New submission from Graham Dumpleton:

In am embedded system, as the 'python' executable is itself not run and the 
Python interpreter is initialised in process explicitly using PyInitialize(), 
in order to find the location of the Python installation, an elaborate sequence 
of checks is run as implemented in calculate_path() of Modules/getpath.c.

The primary mechanism is usually to search for a 'python' executable on PATH 
and use that as a starting point. From that it then back tracks up the file 
system from the bin directory to arrive at what would be the perceived 
equivalent of PYTHONHOME. The lib/pythonX.Y directory under that for the 
matching version X.Y of Python being initialised would then be used.

Problems can often occur with the way this search is done though.

For example, if someone is not using the system Python installation but has 
installed a different version of Python under /usr/local. At run time, the 
correct Python shared library would be getting loaded from /usr/local/lib, but 
because the 'python' executable is found from /usr/bin, it uses /usr as 
sys.prefix instead of /usr/local.

This can cause two distinct problems.

The first is that there is no Python installation at all under /usr 
corresponding to the Python version which was embedded, with the result of it 
not being able to import 'site' module and therefore failing.
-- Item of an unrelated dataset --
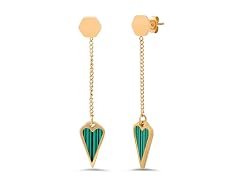18K Gold Green Heart Drop Earrings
The second is that there is a Python installation of the same major/minor but 
potentially a different patch revision, or compiled with different binary API 
flags or different Unicode character width. The Python interpreter in this case 
may well be able to start up, but the mismatch in the Python modules or 
extension modules and the core Python library that was actually linked can 
cause odd errors or crashes to occur.

Anyway, that is the background.

For an embedded system the way this problem was overcome was for it to use 
Py_SetPythonHome() to forcibly override what should be used for PYTHONHOME so 
that the correct installation was found and used at runtime.

Now this would work quite happily even for Python virtual environments 
constructed using 'virtualenv' allowing the embedded system to be run in that 
separate virtual environment distinct from the main Python installation it was 
created from.

Although this works for Python virtual environments created using 'virtualenv', 
it doesn't work if the virtual environment was created using pyvenv.

One can easily illustrate the problem without even using an embedded system.

$ which python3.4
/Library/Frameworks/Python.framework/Versions/3.4/bin/python3.4

$ pyvenv-3.4 py34-pyvenv

$ py34-pyvenv/bin/python
Python 3.4.1 (v3.4.1:c0e311e010fc, May 18 2014, 00:54:21)
[GCC 4.2.1 (Apple Inc. build 5666) (dot 3)] on darwin
Type "help", "copyright", "credits" or "license" for more information.
>>> import sys
>>> sys.prefix
'/private/tmp/py34-pyvenv'
>>> sys.path
['', '/Library/Frameworks/Python.framework/Versions/3.4/lib/python34.zip', 
'/Library/Frameworks/Python.framework/Versions/3.4/lib/python3.4', 
'/Library/Frameworks/Python.framework/Versions/3.4/lib/python3.4/plat-darwin', 
'/Library/Frameworks/Python.framework/Versions/3.4/lib/python3.4/lib-dynload', 
'/private/tmp/py34-pyvenv/lib/python3.4/site-packages']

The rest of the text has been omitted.